◆ **TASK REQUIREMENTS**
For the data below, please report each line where the word "Sony" is found.

◆ **STORED DATA**
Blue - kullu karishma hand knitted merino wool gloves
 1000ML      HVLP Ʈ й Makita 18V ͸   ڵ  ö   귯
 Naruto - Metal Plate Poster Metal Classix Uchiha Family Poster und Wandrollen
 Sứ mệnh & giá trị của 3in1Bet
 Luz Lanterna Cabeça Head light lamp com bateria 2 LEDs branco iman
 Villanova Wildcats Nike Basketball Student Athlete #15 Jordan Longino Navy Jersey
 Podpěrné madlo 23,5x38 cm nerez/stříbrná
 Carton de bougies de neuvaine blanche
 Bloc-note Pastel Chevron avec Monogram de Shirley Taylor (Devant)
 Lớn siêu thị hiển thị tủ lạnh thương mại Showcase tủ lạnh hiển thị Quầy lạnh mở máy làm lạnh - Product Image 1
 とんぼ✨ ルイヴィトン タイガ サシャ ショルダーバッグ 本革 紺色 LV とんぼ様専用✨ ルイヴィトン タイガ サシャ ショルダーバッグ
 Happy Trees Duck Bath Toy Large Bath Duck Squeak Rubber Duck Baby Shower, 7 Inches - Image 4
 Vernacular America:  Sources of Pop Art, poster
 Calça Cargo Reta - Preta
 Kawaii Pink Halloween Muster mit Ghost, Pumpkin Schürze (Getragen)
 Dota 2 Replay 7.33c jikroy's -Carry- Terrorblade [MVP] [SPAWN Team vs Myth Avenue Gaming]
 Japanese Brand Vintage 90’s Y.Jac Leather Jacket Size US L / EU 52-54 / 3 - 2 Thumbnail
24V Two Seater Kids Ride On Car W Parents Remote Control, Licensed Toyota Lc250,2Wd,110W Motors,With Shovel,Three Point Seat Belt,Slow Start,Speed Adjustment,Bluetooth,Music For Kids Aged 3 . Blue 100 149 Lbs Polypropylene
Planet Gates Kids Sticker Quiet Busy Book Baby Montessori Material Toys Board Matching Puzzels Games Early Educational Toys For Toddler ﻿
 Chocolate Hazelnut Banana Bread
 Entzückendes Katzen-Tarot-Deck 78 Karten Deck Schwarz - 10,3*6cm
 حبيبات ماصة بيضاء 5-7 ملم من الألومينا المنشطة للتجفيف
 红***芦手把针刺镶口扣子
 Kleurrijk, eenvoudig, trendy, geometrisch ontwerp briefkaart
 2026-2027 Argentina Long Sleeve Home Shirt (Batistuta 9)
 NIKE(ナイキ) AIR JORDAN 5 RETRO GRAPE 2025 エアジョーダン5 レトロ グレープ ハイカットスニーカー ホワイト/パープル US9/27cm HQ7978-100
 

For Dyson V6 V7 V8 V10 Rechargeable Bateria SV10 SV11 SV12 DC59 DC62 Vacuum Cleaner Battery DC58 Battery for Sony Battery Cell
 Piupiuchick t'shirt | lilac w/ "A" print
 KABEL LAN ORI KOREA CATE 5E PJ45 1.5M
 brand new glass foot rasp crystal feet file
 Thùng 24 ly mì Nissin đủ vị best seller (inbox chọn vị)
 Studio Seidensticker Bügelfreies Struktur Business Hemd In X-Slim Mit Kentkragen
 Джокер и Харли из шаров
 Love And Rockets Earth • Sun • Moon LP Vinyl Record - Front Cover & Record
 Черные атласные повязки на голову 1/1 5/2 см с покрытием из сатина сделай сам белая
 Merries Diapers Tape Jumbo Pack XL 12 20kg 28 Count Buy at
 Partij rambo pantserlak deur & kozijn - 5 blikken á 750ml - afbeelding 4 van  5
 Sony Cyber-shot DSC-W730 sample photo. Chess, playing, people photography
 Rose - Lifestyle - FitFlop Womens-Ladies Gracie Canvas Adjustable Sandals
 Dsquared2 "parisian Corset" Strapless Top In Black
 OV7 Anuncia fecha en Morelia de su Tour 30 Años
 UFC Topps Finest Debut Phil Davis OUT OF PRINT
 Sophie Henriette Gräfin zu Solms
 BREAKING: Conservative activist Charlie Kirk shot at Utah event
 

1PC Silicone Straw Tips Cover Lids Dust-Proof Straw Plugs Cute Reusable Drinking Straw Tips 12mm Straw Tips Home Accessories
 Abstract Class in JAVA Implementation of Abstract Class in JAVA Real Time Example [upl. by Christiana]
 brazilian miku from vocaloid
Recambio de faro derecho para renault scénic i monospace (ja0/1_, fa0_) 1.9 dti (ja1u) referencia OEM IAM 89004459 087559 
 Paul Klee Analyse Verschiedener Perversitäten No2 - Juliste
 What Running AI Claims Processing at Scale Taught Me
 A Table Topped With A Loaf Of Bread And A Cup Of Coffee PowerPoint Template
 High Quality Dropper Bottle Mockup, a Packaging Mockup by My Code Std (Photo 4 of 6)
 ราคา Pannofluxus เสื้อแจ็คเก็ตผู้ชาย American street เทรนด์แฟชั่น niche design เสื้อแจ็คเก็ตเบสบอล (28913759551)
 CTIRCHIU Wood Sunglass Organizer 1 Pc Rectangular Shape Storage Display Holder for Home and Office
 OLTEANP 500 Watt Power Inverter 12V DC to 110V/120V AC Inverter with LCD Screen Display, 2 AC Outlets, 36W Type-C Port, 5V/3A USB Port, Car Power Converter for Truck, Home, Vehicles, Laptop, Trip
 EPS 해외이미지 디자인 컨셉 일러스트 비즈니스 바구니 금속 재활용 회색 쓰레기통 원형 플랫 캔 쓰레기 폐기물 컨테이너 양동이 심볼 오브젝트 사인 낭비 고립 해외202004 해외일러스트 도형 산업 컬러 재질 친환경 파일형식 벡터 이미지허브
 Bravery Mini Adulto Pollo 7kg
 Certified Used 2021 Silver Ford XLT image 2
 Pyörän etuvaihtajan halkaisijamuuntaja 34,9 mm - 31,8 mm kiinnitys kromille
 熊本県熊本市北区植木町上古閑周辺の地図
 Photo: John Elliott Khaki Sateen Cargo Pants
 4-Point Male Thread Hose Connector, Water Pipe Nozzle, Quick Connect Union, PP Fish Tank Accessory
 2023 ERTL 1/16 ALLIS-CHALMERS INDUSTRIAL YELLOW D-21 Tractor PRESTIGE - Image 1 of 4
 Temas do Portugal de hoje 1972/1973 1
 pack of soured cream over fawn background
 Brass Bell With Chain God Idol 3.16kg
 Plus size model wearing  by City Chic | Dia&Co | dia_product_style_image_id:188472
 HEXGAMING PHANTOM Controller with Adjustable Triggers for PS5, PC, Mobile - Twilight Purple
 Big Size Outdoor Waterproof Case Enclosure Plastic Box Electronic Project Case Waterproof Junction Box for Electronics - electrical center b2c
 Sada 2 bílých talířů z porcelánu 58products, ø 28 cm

◆ **SOLUTION TO THIS TASK**
For Dyson V6 V7 V8 V10 Rechargeable Bateria SV10 SV11 SV12 DC59 DC62 Vacuum Cleaner Battery DC58 Battery for Sony Battery Cell
 Sony Cyber-shot DSC-W730 sample photo. Chess, playing, people photography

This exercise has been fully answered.